Open incomplete59 opened 3 hours ago
Oh, I solved this. Create the directory 'checkpoints/' before training. By the way, i find that the urls of CWRU dataset in metadata.txt are outdated, so when i downloaded the dataset, it showed 'hostname mismatch'.
Hi~ When I was finished training for the first epoch and tested on test set, it went wrong.
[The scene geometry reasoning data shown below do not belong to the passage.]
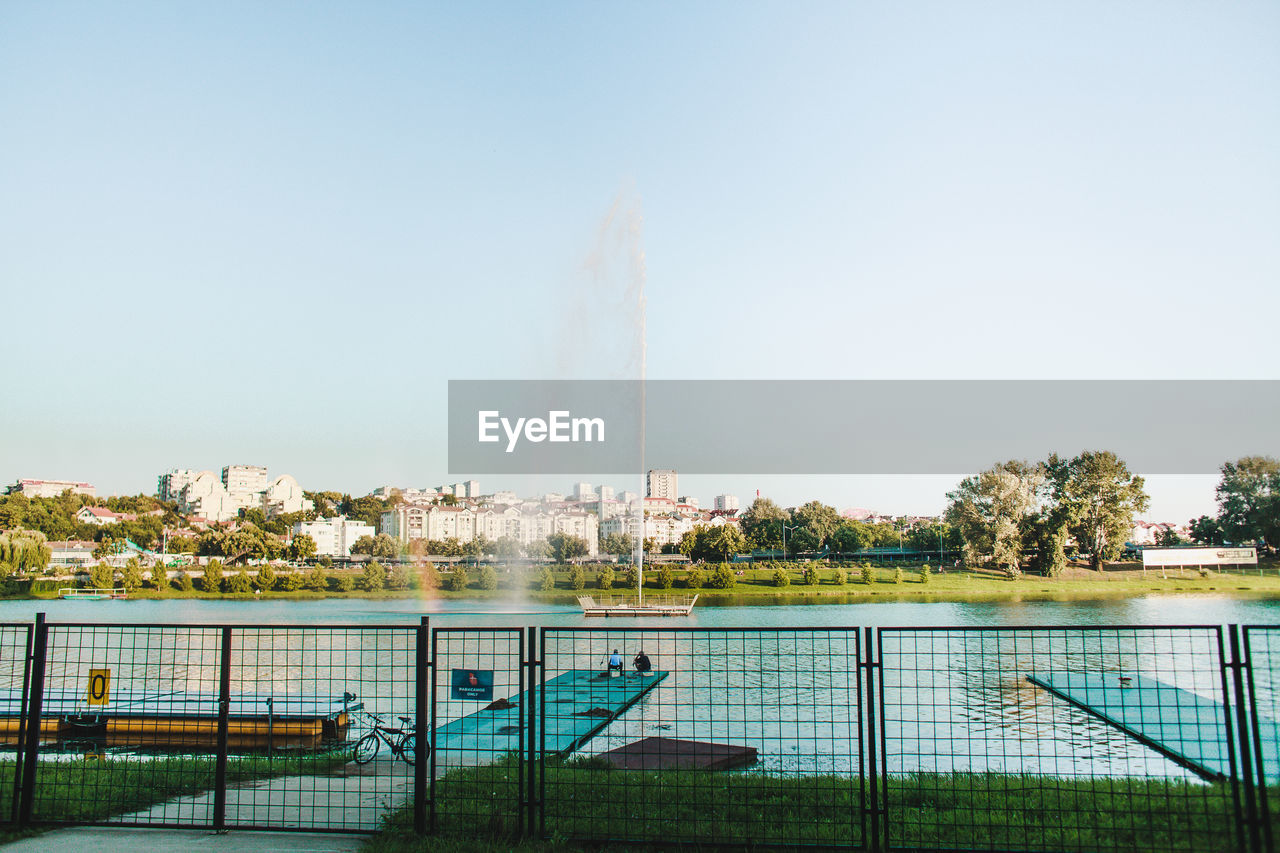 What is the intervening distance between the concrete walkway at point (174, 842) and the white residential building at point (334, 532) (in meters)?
159

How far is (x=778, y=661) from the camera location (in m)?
12.1

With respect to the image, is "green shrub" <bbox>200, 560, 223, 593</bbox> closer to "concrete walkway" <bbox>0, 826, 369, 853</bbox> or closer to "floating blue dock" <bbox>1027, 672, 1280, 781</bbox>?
"floating blue dock" <bbox>1027, 672, 1280, 781</bbox>

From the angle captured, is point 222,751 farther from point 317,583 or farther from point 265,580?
point 317,583

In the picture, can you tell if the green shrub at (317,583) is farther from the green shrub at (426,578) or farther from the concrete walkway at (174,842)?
the concrete walkway at (174,842)

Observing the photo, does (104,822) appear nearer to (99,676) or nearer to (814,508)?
(99,676)

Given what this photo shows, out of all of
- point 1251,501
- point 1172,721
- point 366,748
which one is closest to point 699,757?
point 366,748

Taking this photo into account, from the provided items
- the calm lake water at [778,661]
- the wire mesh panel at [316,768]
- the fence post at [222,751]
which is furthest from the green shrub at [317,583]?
the fence post at [222,751]

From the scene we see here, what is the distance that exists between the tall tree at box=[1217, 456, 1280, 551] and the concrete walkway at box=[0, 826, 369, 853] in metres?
97.2

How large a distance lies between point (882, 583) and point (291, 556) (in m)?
74.8

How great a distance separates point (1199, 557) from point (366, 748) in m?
89.7

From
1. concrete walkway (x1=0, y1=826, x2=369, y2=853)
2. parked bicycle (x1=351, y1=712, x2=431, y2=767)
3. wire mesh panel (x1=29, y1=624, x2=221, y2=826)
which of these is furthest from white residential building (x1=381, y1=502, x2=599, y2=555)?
concrete walkway (x1=0, y1=826, x2=369, y2=853)

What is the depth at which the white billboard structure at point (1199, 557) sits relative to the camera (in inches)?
3125

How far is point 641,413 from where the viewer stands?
48.0m

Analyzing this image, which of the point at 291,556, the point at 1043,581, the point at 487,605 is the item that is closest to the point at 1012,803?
the point at 487,605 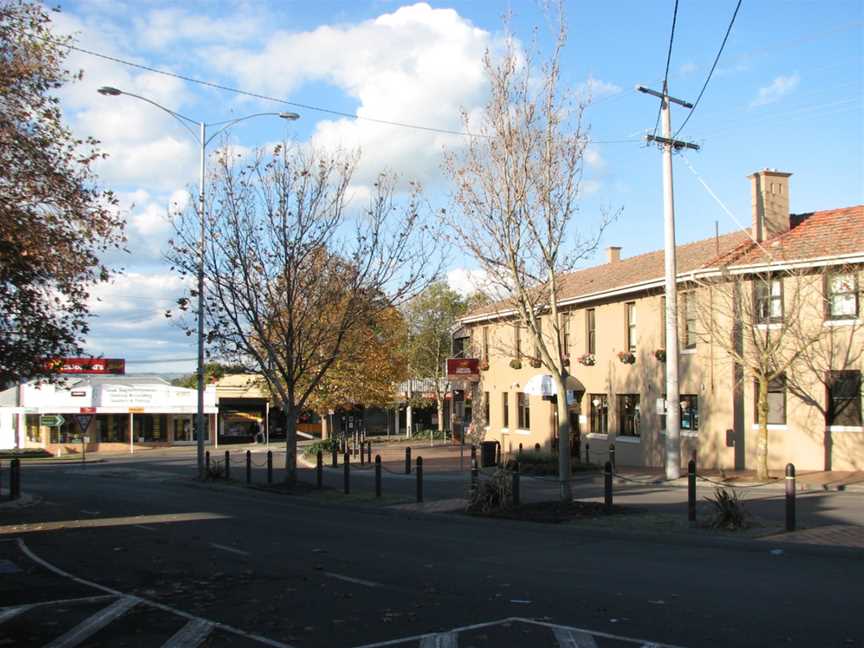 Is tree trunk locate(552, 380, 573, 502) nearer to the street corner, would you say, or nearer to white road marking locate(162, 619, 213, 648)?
the street corner

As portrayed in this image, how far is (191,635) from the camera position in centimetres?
751

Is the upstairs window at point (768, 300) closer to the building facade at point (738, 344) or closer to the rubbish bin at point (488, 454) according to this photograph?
the building facade at point (738, 344)

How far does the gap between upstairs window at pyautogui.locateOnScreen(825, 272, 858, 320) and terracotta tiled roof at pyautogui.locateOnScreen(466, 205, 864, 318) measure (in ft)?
2.35

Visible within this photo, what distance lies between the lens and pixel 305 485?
22953 mm

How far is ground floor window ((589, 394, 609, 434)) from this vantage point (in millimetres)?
32562

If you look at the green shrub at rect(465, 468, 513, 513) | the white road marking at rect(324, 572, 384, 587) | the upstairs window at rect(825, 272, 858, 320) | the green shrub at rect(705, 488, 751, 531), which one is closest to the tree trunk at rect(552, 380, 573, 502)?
the green shrub at rect(465, 468, 513, 513)

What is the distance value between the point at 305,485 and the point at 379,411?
169ft

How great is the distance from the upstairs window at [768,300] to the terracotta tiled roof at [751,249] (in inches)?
27.2

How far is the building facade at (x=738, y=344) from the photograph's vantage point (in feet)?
77.3

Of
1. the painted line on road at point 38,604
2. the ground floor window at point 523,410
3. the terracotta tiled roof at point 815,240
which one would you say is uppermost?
the terracotta tiled roof at point 815,240

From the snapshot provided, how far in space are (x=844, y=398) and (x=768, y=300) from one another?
11.3 feet

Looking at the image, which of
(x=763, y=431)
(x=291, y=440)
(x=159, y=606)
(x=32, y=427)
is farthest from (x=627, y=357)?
(x=32, y=427)

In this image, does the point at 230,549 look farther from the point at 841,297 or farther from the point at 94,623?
the point at 841,297

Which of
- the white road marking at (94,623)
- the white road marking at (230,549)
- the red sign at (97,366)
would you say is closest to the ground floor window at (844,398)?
the white road marking at (230,549) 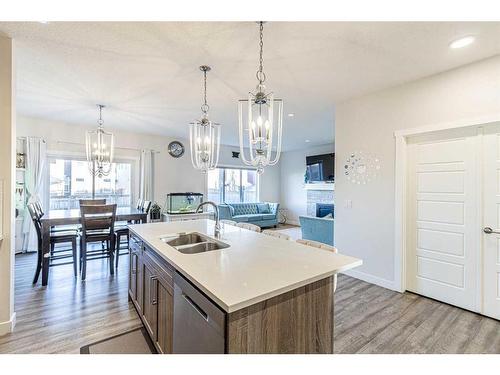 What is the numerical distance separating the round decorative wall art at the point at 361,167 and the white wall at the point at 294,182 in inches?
171

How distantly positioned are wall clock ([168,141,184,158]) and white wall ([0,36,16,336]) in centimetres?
425

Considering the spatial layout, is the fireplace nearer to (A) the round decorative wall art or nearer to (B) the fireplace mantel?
(B) the fireplace mantel

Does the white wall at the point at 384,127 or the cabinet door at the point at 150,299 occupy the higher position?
the white wall at the point at 384,127

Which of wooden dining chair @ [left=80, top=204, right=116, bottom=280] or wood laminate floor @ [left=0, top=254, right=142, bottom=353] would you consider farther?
wooden dining chair @ [left=80, top=204, right=116, bottom=280]

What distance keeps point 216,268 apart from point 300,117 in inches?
149

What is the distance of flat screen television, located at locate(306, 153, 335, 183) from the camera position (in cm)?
704

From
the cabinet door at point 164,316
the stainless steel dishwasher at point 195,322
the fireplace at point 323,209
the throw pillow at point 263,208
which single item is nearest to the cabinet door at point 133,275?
the cabinet door at point 164,316

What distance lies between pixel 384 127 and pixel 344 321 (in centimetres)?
240

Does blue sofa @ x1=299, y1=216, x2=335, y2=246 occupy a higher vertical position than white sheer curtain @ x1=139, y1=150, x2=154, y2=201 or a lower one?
lower

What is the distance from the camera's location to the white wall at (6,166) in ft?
6.82

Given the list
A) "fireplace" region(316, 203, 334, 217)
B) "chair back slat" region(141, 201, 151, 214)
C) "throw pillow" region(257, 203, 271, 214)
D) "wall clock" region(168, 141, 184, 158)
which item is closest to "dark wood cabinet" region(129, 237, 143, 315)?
"chair back slat" region(141, 201, 151, 214)

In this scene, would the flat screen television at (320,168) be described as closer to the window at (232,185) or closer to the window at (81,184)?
the window at (232,185)

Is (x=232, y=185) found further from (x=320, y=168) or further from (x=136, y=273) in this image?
(x=136, y=273)

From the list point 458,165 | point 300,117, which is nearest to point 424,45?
point 458,165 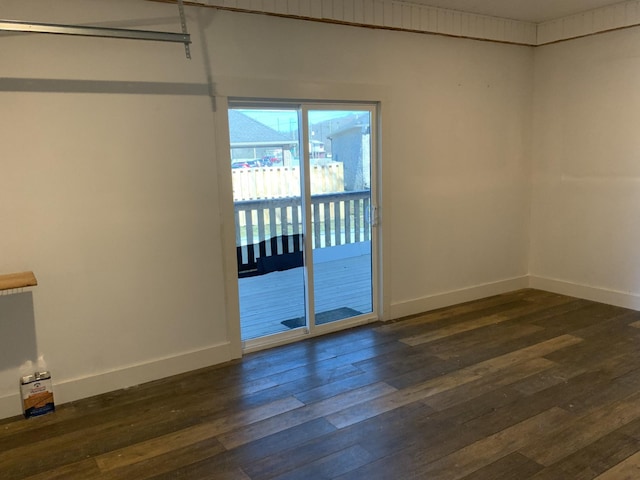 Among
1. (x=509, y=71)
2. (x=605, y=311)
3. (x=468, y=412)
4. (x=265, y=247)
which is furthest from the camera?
(x=509, y=71)

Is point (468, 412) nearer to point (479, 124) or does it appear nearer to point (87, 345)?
point (87, 345)

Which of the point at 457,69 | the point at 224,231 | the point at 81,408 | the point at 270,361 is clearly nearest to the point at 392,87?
the point at 457,69

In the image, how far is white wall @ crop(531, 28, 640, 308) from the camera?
15.3 ft

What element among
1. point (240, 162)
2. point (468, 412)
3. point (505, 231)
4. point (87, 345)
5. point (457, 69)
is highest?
point (457, 69)

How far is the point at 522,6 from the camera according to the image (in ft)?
14.6

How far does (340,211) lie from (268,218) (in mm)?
693

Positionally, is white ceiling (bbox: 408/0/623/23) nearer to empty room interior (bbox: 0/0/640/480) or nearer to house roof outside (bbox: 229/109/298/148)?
empty room interior (bbox: 0/0/640/480)

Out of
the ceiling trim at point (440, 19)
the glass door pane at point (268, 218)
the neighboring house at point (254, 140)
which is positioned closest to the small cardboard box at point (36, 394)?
the glass door pane at point (268, 218)

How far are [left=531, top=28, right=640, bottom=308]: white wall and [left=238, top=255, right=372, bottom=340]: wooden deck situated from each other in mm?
2208

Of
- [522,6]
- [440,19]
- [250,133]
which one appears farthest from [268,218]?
[522,6]

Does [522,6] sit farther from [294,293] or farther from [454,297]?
[294,293]

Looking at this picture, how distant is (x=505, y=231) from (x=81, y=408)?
14.0 ft

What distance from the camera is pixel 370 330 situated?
4441mm

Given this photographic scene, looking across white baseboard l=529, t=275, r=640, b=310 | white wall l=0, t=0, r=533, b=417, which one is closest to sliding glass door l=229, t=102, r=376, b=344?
white wall l=0, t=0, r=533, b=417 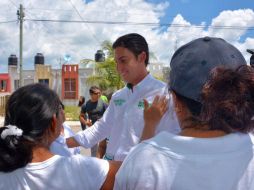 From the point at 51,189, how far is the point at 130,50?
1542 millimetres

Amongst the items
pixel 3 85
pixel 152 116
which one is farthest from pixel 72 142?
pixel 3 85

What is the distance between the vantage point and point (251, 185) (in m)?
1.41

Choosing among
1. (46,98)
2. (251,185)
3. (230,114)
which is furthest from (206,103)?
(46,98)

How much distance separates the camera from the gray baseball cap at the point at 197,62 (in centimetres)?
149

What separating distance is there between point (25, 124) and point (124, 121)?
1.25 meters

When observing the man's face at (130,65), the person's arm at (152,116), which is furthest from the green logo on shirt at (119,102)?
the person's arm at (152,116)

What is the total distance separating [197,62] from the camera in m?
1.53

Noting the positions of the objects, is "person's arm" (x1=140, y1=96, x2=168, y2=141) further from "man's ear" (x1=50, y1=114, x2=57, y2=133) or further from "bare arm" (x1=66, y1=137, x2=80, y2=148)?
"bare arm" (x1=66, y1=137, x2=80, y2=148)

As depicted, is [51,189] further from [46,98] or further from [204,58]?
[204,58]

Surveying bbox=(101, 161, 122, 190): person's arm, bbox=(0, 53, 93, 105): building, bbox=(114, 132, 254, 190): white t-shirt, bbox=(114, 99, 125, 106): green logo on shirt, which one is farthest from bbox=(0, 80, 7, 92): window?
bbox=(114, 132, 254, 190): white t-shirt

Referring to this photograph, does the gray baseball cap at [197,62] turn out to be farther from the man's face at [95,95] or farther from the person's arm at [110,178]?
the man's face at [95,95]

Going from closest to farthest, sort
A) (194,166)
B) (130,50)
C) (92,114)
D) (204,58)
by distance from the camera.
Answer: (194,166)
(204,58)
(130,50)
(92,114)

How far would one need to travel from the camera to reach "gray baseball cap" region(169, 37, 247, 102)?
4.90 ft

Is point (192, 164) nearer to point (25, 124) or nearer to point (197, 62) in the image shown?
point (197, 62) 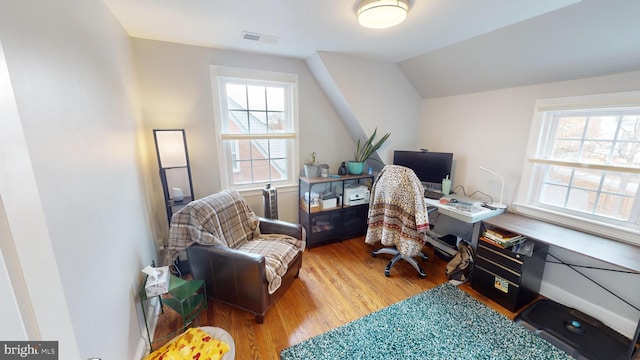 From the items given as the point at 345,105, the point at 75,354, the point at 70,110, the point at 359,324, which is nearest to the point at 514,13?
the point at 345,105

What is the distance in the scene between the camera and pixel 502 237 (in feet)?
6.73

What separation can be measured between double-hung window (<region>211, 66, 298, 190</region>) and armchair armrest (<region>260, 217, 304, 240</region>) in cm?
71

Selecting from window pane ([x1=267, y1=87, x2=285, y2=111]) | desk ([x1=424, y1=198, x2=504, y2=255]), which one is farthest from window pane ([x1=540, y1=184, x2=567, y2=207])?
window pane ([x1=267, y1=87, x2=285, y2=111])

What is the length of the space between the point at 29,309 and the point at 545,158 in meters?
3.35

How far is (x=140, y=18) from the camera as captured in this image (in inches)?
69.2

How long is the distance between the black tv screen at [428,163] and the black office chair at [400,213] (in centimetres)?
83

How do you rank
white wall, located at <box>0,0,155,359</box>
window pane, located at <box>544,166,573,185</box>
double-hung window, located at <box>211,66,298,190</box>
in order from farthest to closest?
double-hung window, located at <box>211,66,298,190</box>, window pane, located at <box>544,166,573,185</box>, white wall, located at <box>0,0,155,359</box>

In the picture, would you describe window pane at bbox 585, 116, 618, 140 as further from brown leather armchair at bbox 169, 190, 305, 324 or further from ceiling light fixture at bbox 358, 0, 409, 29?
brown leather armchair at bbox 169, 190, 305, 324

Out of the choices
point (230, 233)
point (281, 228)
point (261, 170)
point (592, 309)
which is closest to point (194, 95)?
point (261, 170)

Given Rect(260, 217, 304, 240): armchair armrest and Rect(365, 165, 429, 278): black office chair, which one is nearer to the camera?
Rect(365, 165, 429, 278): black office chair

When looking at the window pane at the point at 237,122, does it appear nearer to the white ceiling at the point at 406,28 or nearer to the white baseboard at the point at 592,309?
the white ceiling at the point at 406,28

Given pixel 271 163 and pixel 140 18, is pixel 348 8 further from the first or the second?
Answer: pixel 271 163

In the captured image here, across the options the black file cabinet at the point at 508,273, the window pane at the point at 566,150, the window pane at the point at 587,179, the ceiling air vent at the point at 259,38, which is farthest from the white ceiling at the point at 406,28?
the black file cabinet at the point at 508,273

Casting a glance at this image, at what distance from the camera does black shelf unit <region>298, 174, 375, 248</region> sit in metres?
2.96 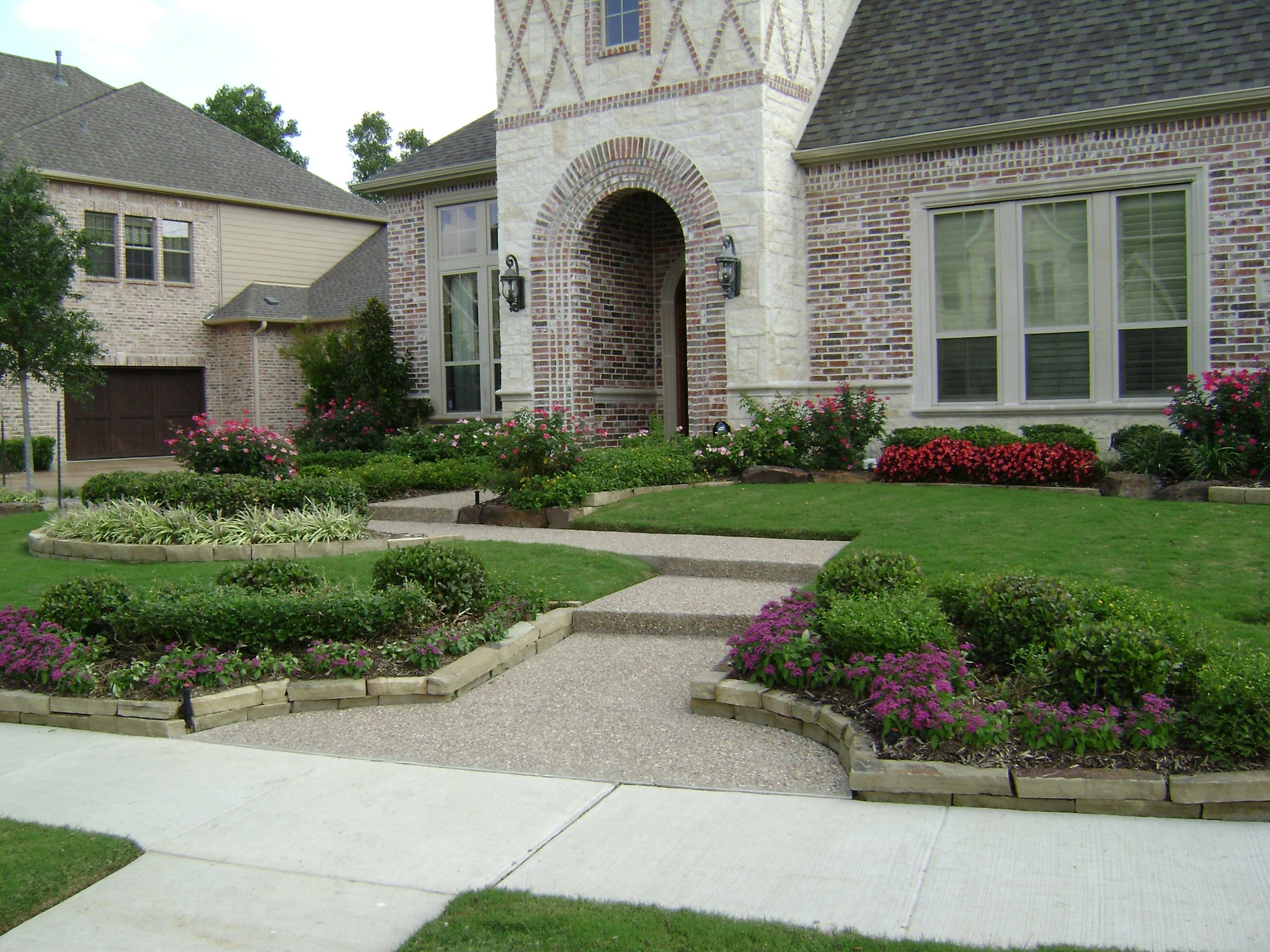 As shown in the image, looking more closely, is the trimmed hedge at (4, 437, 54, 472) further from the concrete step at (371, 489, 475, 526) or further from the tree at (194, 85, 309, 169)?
the tree at (194, 85, 309, 169)

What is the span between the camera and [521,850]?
3.90 meters

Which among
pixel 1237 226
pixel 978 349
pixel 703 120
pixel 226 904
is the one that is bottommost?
pixel 226 904

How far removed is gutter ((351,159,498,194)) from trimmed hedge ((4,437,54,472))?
910cm

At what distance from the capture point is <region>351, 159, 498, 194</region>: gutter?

(zdl_py_310) fengpi@fengpi-07:~/zdl/Few-shot-via-ensembling-Transformer-with-Mahalanobis-distance$ python train_1shot.py --dataset 'CWRU' --training_samples_CWRU 30 --training_samples_PDB 195 --model_name 'Net' /home/fengpi/anaconda3/envs/zdl_py_310/lib/python3.10/site-packages/sklearn/utils/_param_validation.py:11: UserWarning: A NumPy version >=1.23.5 and <2.3.0 is required for this version of SciPy (detected version 1.23.0) from scipy.sparse import csr_matrix, issparse Namespace(dataset='CWRU', training_samples_CWRU=30, training_samples_PDB=195, model_name='Net', episode_num_train=130, episode_num_test=150, way_num_CWRU=10, noise_DB=None, way_num_PDB=13, spectrum=False, device='cuda', batch_size=1, path_weights='checkpoints/', lr=0.001, step_size=10, gamma=0.1, num_epochs=100, loss1=ContrastiveLoss(), loss2=CrossEntropyLoss()) Shape of CWRU train data: torch.Size([30, 1, 64, 64]) Shape of CWRU test data: torch.Size([750, 1, 64, 64]) End Loading CWRU training.........................!! ================================================== Epoch: 1 ================================================== Epoch 1/100: 100%|█████████████████████████████████████████████████████████████████████████████████████████████████████████████████| 130/130 [02:41<00:00, 1.25s/batch, loss=2.49, loss_1=0.982, loss_2=1.51] Epoch 1/100 completed in 2.70 minutes ------------Testing on the test set------------- Accuracy on the test set: 0.8867 Traceback (most recent call last): File "/home/fengpi/zdl/Few-shot-via-ensembling-Transformer-with-Mahalanobis-distance/train_1shot.py", line 210, in
train_and_test_model_ensemble(net,
File "/home/fengpi/zdl/Few-shot-via-ensembling-Transformer-with-Mahalanobis-distance/train_1shot.py", line 197, in train_and_test_model_ensemble
torch.save(net, path_weight + model_name)
File "/home/fengpi/anaconda3/envs/zdl_py_310/lib/python3.10/site-packages/torch/serialization.py", line 376, in save
with _open_file_like(f, 'wb') as opened_file:
File "/home/fengpi/anaconda3/envs/zdl_py_310/lib/python3.10/site-packages/torch/serialization.py", line 230, in _open_file_like
return _open_file(name_or_buffer, mode)
File "/home/fengpi/anaconda3/envs/zdl_py_310/lib/python3.10/site-packages/torch/serialization.py", line 211, in init
super(_open_file, self).init(open(name, mode))
FileNotFoundError: [Errno 2] No such file or directory: 'checkpoints/Net_1shot_0.8867_30samples.pth'
I don't know where is the model 'Net_1shot_0.8867_30samples.pth', can you help me with this problem? Thanks!